Data records >>
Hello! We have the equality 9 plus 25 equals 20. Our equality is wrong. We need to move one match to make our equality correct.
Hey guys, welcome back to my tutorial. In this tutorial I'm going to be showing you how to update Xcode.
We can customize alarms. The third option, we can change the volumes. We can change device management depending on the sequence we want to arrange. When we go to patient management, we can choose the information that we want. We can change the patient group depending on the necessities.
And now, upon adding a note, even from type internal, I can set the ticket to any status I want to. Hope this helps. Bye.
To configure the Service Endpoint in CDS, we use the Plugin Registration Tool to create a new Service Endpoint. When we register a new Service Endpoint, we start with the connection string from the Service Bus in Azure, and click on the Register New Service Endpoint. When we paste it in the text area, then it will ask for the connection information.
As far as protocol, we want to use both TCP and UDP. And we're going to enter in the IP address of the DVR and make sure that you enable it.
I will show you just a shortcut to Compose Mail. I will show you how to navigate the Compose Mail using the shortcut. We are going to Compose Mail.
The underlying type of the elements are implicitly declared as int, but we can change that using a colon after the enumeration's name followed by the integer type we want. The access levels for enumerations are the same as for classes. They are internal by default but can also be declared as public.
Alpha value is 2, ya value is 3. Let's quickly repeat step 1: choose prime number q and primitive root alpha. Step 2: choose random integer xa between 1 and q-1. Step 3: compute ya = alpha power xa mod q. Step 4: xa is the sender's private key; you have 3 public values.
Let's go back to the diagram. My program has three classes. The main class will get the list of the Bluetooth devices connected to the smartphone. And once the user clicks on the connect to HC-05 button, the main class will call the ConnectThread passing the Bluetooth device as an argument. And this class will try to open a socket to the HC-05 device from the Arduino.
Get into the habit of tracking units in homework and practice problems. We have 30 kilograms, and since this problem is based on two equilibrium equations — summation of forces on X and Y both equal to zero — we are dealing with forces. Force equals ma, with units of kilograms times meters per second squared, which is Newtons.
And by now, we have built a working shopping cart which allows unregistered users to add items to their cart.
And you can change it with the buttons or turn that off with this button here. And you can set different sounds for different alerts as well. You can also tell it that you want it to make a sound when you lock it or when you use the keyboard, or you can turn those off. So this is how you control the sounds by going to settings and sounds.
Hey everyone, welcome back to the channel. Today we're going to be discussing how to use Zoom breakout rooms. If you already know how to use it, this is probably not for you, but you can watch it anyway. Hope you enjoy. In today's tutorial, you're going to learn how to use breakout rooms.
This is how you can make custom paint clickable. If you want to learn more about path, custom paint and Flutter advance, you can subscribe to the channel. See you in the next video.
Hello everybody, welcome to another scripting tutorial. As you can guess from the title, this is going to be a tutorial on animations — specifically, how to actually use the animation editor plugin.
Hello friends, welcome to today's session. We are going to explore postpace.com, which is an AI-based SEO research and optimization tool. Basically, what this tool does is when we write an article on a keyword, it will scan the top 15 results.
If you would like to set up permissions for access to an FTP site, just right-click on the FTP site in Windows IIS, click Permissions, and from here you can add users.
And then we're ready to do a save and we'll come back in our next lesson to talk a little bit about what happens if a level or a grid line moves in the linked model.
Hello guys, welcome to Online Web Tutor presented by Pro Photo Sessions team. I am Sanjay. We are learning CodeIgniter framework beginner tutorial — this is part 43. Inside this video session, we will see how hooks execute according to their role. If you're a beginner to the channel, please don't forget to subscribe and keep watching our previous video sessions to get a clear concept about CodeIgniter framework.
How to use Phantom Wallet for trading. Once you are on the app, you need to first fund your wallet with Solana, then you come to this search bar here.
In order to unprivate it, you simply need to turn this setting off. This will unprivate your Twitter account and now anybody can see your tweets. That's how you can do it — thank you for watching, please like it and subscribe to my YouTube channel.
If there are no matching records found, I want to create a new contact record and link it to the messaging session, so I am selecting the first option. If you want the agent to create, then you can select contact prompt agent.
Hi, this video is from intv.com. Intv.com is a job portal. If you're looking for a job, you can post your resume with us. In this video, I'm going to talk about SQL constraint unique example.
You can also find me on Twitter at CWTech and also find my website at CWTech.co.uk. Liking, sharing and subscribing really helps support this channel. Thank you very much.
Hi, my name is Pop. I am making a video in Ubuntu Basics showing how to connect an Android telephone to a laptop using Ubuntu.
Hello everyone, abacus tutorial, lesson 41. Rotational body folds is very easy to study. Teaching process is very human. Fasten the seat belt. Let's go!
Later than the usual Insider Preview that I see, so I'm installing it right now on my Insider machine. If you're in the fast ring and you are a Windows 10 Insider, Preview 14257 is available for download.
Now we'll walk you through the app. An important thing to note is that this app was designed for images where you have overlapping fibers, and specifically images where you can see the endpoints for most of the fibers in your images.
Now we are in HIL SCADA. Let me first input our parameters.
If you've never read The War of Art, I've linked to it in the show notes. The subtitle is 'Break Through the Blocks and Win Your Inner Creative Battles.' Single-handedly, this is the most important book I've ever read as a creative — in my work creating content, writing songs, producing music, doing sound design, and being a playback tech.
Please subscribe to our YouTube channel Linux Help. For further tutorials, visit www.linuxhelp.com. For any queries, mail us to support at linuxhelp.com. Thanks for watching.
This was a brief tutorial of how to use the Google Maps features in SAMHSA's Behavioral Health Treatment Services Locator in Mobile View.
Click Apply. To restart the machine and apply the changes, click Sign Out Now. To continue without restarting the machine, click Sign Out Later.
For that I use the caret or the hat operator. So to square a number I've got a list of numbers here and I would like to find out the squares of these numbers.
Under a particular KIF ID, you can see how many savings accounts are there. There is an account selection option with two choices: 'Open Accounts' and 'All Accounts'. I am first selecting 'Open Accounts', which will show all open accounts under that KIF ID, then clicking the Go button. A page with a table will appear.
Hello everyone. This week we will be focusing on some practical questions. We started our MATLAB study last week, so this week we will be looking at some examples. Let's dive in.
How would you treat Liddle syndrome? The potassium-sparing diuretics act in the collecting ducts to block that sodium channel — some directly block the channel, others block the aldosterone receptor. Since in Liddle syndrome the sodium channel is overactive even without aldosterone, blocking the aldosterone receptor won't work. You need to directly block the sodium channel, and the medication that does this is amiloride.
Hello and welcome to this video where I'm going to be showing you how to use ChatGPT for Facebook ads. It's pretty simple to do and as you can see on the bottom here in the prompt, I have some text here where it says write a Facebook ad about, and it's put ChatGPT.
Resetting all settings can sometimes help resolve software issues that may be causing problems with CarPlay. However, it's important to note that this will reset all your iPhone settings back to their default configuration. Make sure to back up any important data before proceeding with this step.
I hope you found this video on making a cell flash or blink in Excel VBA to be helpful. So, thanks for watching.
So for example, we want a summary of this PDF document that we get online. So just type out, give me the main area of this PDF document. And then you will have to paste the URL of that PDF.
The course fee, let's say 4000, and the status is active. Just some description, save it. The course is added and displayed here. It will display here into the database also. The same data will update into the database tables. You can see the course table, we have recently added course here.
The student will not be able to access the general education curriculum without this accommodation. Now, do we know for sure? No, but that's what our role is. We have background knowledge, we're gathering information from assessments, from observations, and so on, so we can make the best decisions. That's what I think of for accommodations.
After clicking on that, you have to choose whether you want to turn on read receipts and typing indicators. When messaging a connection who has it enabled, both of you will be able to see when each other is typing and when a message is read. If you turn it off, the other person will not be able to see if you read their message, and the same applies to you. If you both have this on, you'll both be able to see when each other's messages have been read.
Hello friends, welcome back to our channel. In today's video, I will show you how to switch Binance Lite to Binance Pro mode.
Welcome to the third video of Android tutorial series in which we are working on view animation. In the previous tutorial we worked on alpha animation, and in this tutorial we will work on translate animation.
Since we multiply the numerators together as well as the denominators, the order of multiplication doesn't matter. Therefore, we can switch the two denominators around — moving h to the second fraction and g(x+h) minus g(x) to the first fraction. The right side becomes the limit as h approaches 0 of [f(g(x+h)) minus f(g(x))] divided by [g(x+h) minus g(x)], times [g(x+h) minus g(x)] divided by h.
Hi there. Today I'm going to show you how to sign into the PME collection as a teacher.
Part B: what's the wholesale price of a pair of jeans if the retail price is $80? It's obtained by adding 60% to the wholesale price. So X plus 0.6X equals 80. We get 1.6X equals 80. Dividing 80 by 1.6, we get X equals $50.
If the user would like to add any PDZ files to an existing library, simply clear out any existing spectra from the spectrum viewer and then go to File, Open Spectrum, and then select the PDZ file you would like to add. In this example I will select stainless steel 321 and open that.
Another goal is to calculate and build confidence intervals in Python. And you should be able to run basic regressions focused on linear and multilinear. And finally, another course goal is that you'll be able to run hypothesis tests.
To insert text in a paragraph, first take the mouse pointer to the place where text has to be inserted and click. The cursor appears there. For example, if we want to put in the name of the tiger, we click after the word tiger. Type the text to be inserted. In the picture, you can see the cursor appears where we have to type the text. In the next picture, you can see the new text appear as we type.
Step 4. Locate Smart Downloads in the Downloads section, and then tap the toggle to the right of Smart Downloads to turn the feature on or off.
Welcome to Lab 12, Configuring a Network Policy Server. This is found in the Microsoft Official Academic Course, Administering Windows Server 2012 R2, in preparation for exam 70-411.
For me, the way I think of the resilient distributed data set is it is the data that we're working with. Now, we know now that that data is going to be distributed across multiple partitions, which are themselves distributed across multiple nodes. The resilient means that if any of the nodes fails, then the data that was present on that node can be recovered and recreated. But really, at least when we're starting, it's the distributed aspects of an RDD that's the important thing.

TASK INSTRUCTIONS >>
Your answer should consist of the lines from the line with "Under a particular" to the line with "The course fee, let's" above, repeated exactly, both ends included.

OUTPUT BELOW >>
Under a particular KIF ID, you can see how many savings accounts are there. There is an account selection option with two choices: 'Open Accounts' and 'All Accounts'. I am first selecting 'Open Accounts', which will show all open accounts under that KIF ID, then clicking the Go button. A page with a table will appear.
Hello everyone. This week we will be focusing on some practical questions. We started our MATLAB study last week, so this week we will be looking at some examples. Let's dive in.
How would you treat Liddle syndrome? The potassium-sparing diuretics act in the collecting ducts to block that sodium channel — some directly block the channel, others block the aldosterone receptor. Since in Liddle syndrome the sodium channel is overactive even without aldosterone, blocking the aldosterone receptor won't work. You need to directly block the sodium channel, and the medication that does this is amiloride.
Hello and welcome to this video where I'm going to be showing you how to use ChatGPT for Facebook ads. It's pretty simple to do and as you can see on the bottom here in the prompt, I have some text here where it says write a Facebook ad about, and it's put ChatGPT.
Resetting all settings can sometimes help resolve software issues that may be causing problems with CarPlay. However, it's important to note that this will reset all your iPhone settings back to their default configuration. Make sure to back up any important data before proceeding with this step.
I hope you found this video on making a cell flash or blink in Excel VBA to be helpful. So, thanks for watching.
So for example, we want a summary of this PDF document that we get online. So just type out, give me the main area of this PDF document. And then you will have to paste the URL of that PDF.
The course fee, let's say 4000, and the status is active. Just some description, save it. The course is added and displayed here. It will display here into the database also. The same data will update into the database tables. You can see the course table, we have recently added course here.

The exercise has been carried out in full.